Fighting a giant worm. Note all the crystals and mushrooms in my inventory.

With Stages 1 and 3 clear, I had to return to the haunted house at Stage 2 and figure out what I hadn't finished there. It turned out I had to bring Frankenstein's monster to life by casting "Summon Storm" on the house's roof and letting it strike a copper rod I inserted in a barely-visible slot. Again, I was relying on a walkthrough at this point.

The storm brought the monster to life, but what ensued was the most annoying puzzle of the game. Basically, you have to do two things with the monster: remove his headband, scalp, and brain, and get him away from the door that he's blocking when you first find him. This means that you have to animate him long enough to get him to walk a few steps from the door, but then stop him (by pulling out his brain wires) before he has a chance to kill you.
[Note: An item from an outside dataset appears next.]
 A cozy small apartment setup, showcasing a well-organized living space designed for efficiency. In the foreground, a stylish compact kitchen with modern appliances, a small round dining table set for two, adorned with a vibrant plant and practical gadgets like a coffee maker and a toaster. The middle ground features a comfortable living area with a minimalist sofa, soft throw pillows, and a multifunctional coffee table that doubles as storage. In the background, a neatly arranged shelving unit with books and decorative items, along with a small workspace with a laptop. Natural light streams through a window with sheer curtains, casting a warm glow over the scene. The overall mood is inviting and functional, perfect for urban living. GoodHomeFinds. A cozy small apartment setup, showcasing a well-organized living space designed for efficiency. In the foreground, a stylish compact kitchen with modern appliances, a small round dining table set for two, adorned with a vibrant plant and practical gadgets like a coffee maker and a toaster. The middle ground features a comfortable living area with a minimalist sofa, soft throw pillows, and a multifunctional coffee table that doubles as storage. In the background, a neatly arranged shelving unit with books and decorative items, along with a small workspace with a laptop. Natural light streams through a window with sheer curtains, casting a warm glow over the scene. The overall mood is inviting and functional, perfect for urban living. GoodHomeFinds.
The timing is hard to get right, and if you don't realize there's a door behind him in the first place, it's easy to put yourself in a "walking dead" scenario by taking his brain before he's moved away from the door.

Disassembling the monster.

Behind the door was, in my case, the real Elvira, along with the Indian's magic bag.

I don't suppose I could just leave her here?

I took all of the magic items to the Indian and he, one by one, in a series of identical animations, infused them with magic power.

You'd think a man of such ability could find a better job than janitor.

I now had all the items I needed for the summoning and binding ritual to kill Cerberus, described at length in one of the library's books, but I needed a holy man to draw the pentagram, and that meant resurrecting the dead cleric. Fortunately, now that I was at Level 10, I could mix the "resurrect" spell. I'm sure the ingredients were among the library's many tomes, but I just tried various mixtures of likely-sounding items (brain, heart, spleen, holy book, holy water, etc.,) until I got it right.

Trying various items to mix the "Resurrect" spell. Note Elvira sitting there in my inventory (second from the left). Could I have used her to mix a spell?

With the cleric revived (no word on how a clearly-Catholic priest felt about being resurrected via arcane arts), he took my chalice full of blood (I honestly can't remember where I got it) and went off to the parking lot to draw a pentagram. At this point, relying on the instructions in the book and a little help from the walkthrough, I completed the ritual necessary to kill Cerberus: light a series of 10 candles around the pentagram, use the magic bag to summon the beast, cast "Bind Demon" at him, throw the Indian's spear at his head, and hack his heart with the tomahawk. It took me a few tries to get it right because he kept killing me while I was trying to find necessary items in my inventory.

You'd think he could just do #2, but he just says "I don't perform that mumbo jumbo sort of religion."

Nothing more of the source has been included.